Over the next sixty-five years, Pratt & Whitney grew from a small work-shop under the direct management of the two founders into a massive and highly successful organization. In its many departments focused on specific processes—casting, drilling, tapping, heat treating—Pratt produced the parts needed for lathes, grinders, millers, cutters, and borers for metal-working industries. The firm also pioneered extremely precise gauges to check the a
ccuracy of parts and sold these along with their tools. Over the years, Pratt’s machines became more complex and capable of more delicate and sophisticated tasks. In addition, advances in metallurgy made it possible to work prehardened metals so parts could be made to net shape without fear that subsequent hardening steps would interfere with interchangeability. However, the basic philosophy of production did not change.
The Rise of the Eagle 5
In the summer of 1924, Frederick Rentschler resigned as president of the Wright Aeronautical Corporation in New Brunswick, New Jersey, because the bankers investing in the firm would not back his idea for a radial, air-cooled engine much larger than the revolutionary Wright Whirlwind just entering production. 6 He believed this large engine would swing the military away from liquid-cooled designs and make commercial aircraft economically viable for the first time.

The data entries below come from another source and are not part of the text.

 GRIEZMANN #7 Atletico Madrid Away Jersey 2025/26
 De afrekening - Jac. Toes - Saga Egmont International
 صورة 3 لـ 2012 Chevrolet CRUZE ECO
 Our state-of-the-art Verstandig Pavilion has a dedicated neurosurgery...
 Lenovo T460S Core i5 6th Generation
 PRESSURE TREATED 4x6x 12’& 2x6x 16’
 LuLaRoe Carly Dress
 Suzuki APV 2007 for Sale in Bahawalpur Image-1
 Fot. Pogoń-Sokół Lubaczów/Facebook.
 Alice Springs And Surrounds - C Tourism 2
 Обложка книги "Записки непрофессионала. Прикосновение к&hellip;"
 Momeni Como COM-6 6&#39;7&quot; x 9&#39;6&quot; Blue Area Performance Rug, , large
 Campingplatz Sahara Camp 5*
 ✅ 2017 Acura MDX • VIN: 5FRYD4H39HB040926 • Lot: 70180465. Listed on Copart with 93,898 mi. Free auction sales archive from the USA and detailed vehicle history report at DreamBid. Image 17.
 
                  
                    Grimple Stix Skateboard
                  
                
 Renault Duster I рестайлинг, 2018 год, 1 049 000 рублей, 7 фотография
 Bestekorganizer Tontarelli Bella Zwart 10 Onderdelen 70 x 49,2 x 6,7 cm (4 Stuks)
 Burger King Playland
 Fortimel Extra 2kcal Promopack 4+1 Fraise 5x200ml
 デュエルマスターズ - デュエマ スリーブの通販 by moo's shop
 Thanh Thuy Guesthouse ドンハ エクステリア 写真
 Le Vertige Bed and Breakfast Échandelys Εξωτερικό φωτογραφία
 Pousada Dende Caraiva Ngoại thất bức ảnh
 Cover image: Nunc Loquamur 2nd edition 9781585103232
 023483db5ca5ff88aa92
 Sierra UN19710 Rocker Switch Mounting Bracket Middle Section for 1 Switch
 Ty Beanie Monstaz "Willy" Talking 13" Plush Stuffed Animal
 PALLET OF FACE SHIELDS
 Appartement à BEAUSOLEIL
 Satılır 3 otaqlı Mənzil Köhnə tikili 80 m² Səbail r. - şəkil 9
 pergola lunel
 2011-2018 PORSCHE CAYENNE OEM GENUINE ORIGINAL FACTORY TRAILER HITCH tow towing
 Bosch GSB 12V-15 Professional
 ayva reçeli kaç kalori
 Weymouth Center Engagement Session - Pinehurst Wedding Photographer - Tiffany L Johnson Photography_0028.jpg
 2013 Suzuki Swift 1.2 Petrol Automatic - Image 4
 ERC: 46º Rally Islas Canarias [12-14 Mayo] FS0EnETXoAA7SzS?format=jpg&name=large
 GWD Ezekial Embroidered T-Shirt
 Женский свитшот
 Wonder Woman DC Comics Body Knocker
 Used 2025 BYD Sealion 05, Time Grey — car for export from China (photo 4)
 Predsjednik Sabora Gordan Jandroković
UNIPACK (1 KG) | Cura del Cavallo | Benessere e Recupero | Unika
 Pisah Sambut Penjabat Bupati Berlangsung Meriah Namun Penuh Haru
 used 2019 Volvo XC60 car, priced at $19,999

With the encouragement of the U.S. Navy, Rentschler sought new financial backers and early in 1925 contacted Pratt & Whitney in Hartford, which was experiencing a slump in its business and found itself with excess plant space and tools. In addition, Rentschler noted that the Hartford area was full of Yankee mechanics skilled in operating the types of tools Pratt produced, precisely the tools needed for aircraft engine manufacture. 7
Rentschler proposed to play a similar role at Pratt & Whitney to that Francis Pratt and Amos Whitney had played seventy years earlier at Colt’s armory. He outlined a plan to set up a company within a company, using P&W’s long-established name with its worldwide reputation for precision machinery. He proposed borrowing a million dollars from P&W’s owners (in return for giving them 50 percent of the stock in the new Pratt & Whitney Aircraft Company) 8 and using Pratt’s underutilized plant space and tools to make his new engine. An agreement along these lines was reached in July of 1925, and Rentschler was back in the aircraft engine business.